Tanya, left, and Kevin Boyle laugh as they sit in the lobby of the Carol Theater in Monroe Monday morning. The couple said they have plans to turn the rundown landmark on Monroe’s Main Street back into a community gathering place.

MONROE — For more than 30 years, the Carol Theater in Monroe has sat boarded up and vacant on Main Street in Monroe.

During that time, the weathering of the building had made it a popular place for photographers to take photos of families, couples and children, but the building itself had become another ghost of what Main Street had once been.

The theater closed its doors in 1981, and since that time a leaky roof caused damage to the interior. That did not stop Kevin and Tanya Boyle, who recently purchased the property to restore it and open it back up for community use.

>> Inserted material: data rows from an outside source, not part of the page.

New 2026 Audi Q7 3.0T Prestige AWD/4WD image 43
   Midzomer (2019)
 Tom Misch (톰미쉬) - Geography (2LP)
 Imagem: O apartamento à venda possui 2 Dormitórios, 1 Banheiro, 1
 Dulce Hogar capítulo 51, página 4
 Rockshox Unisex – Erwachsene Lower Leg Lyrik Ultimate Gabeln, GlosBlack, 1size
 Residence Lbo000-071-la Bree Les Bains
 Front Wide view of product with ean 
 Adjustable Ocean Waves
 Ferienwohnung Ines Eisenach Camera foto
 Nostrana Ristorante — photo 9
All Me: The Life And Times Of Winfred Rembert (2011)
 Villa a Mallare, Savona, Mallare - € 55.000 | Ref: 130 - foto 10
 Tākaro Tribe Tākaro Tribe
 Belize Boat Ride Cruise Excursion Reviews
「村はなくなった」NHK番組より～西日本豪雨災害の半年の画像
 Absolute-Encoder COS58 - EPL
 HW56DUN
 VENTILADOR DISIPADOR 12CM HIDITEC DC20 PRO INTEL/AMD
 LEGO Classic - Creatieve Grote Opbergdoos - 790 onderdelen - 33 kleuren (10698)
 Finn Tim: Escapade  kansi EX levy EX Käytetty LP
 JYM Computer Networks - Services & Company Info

“I’ve got big plans for this place,” Tanya said Monday morning. “It’s a little bit more of a project than I had anticipated, but my prayer is, if all goes well, that we can get our permits by summertime.”

Tanya said much of the work to restore the theater is waiting on approval from a structural engineer, as requested by Sevier County building inspector John Hicks. She said if the engineer’s opinion is favorable, they are ready to roll out the red carpet on a remodel of the entire facility.

Kevin said he is working on fixing the roof to stop the leaking water from causing further damage, but he said outside of some minor water damage, most of the work will be cosmetic to get the theater back in working order.

“We have most of the stuff to get it done, it’s just a matter of putting it in once we get the OK,” Kevin said. “We want to do this safe and do it right.”

Once the Boyles are able to get to work on restoring the building, they said they have taken out a few rows of seating and are planning to build out the stage to make it conducive to hosting community theater performances as well as live music concerts.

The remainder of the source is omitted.